There is so much that bothers, angers and saddens me about
the current news about the changes at Alabama’s three largest newspapers.
But what struck me strongest this morning, when I opened my newsPAPER
to see the news about workers’ notification of job losses, is just how
un-newspaper-like the story (company announcement) was presented, and, at least
for now, printed.
It was not until paragraph seven that the “lead” of the
story emerged – “about 400 employees statewide will experience an employment
loss.” There’s your story, almost at the end of the story, and this in a news
story about a news company.
When I worked for 15 years in corporate communications --writing
news releases about job cuts and reorganizations, acquisitions, layoffs and
closures more times than I care to remember, including the one that eliminated
my job and more than half of our department – this would not have been accepted
or even tried.
If we sent a news release to any newspaper or media outlet leading
with dribble-drabble about “new focus” and buried the information about impact
on people and communities, it would not fly with even a small town
reporter-editor, much less a big city one. And rightly so. And we didn’t try.
We in corporate communications – usually with former reporters in the mix –
knew that the media would not and should not accept and run as presented a news
release that buried the real news, the real impact on communities and people.

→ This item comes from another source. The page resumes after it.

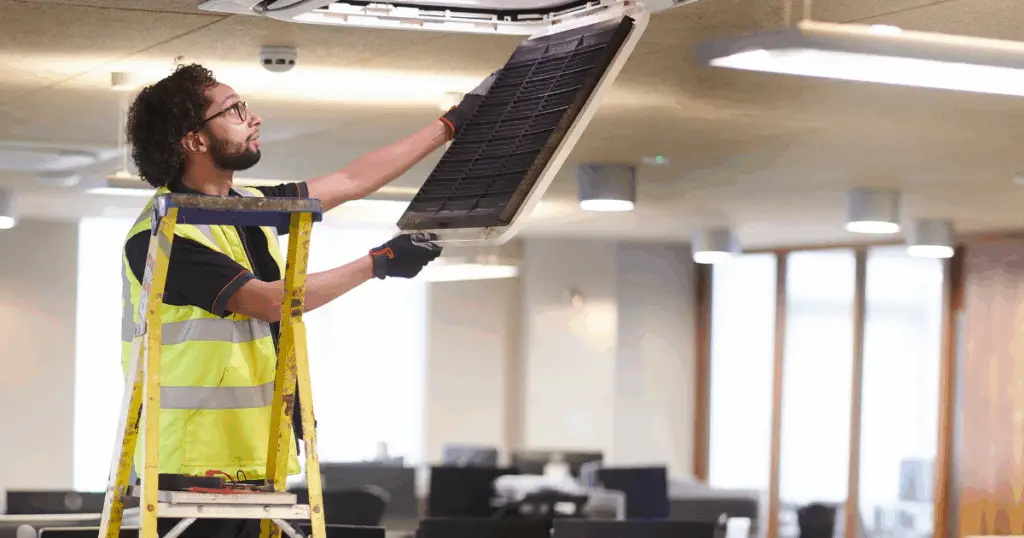 Facility worker changing the filter of an HVAC unit in the ceiling.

Reporter and editors would ask the questions about jobs and
numbers and impact and rewrite the company statement to lead with 400 job cuts. (That’s 400 out of how
many jobs?)
That would be the headline. It always was, and always should
be, because that is the NEWS.
But when the company doing the downsizing owns the media
outlets, the rules are obviously different.
To me, it’s just another disappointment.
For the reporters, editors, copyeditors, production, sales and
delivery folks who got their manila envelopes Tuesday, the disappointment and
worry is personal and devastating. Some apparently received the message that
they would stay and others were invited to compete for some 100 jobs in the new
companies. Others got the word that they are gone, job eliminated, and here’s
the process to find out about your severance package.

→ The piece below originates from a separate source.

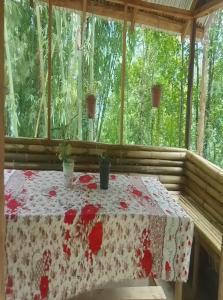 einen Tisch mit einem roten und weißen Tischtuch auf einer Veranda in der Unterkunft Kasturi Farmstay by StayApart in Bijanbāri Bāzār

There’s no doubt what was the NEWS in the newsrooms and
composing rooms and print and delivery offices yesterday. I know that the
reporters and editors at these fine publications recognize the irony that their
news story was not really treated like other news stories. But, they have other
concerns, most of them, like finding a job and applying for that max $225 in weekly
unemployment. Good luck my friends, it’s tough out here, said the
journalist-corporate communications manager-turned office administrator.

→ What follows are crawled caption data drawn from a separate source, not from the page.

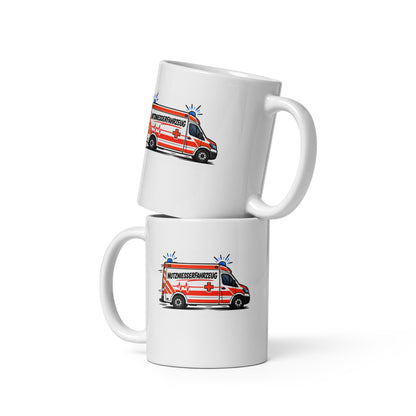 Lustige weiße Tasse mit Comic-Rettungswagen und dem Spruch „Nutzniesserfahrzeug“ in schwarzer und roter Schrift.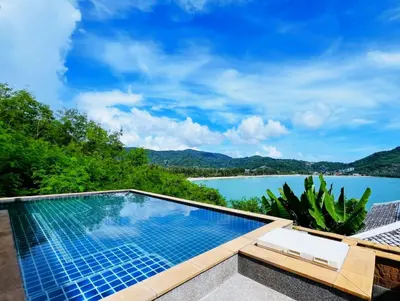 a swimming pool with a view of the water at Jaokhun Bayview Kamala, Phuket in Kamala Beach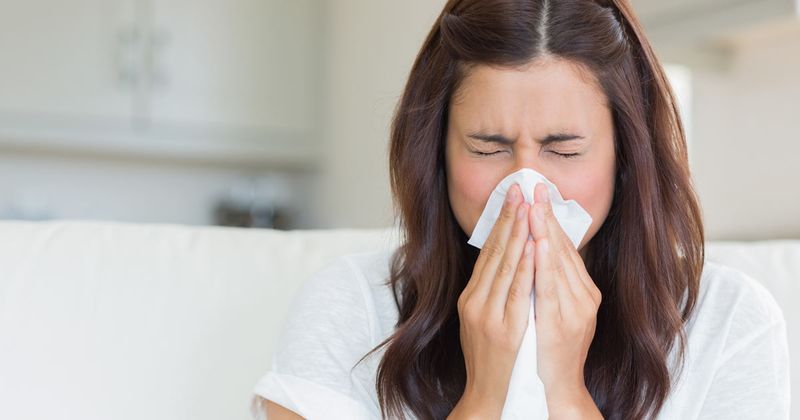 woman sneezing into tissue or blowing her nose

It's a small thing in the big picture, I suppose, when media
companies bury the bad news in their news releases about job cuts, because they
can. I’m ranting, and I know it.
“Media company restructuring to eliminate 400 jobs statewide”
-- That’s the headline that should have come with this latest announcement
about digital focus changes, and it would have if this was an announcement by a
manufacturer or a retail company, service center, sawmill, steel mill or a power plant.
And, it really doesn’t matter if this headline appears
digitally (which it does in this blog) or in print.
It’s the news, it’s
reporting. It’s a free press in a free country.
And we’re going to miss it when it’s gone.